AIM OF THE TASK — Only one stretch of the data should be retyped: the lines from the line containing "Rear custom wheel" through the line containing "Life's Just Better". Keep pictures out of it.

PROVIDED MATERIAL —

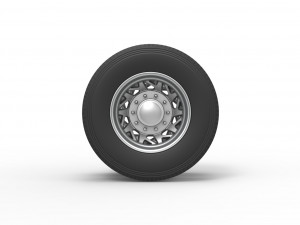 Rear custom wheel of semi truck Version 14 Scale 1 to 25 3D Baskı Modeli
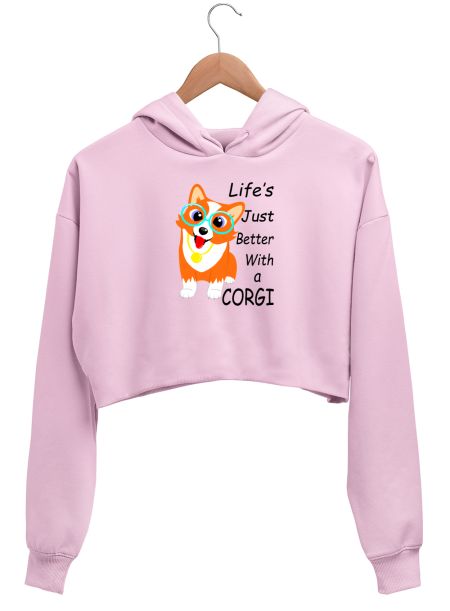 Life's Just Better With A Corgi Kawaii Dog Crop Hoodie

--

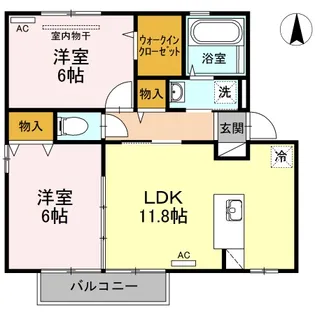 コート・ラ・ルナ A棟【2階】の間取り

* * *

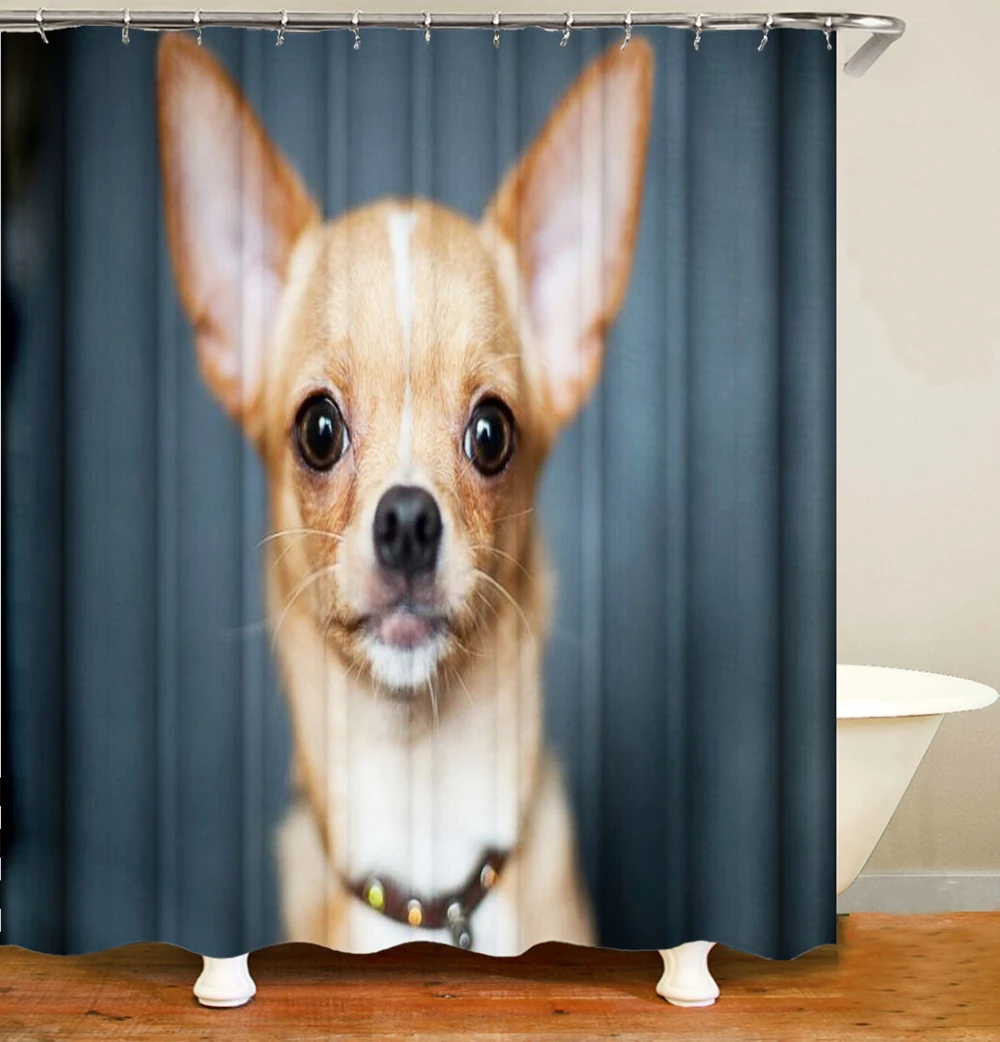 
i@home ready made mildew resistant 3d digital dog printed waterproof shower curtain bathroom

YOUR RESPONSE —
 Rear custom wheel of semi truck Version 14 Scale 1 to 25 3D Baskı Modeli
 Life's Just Better With A Corgi Kawaii Dog Crop Hoodie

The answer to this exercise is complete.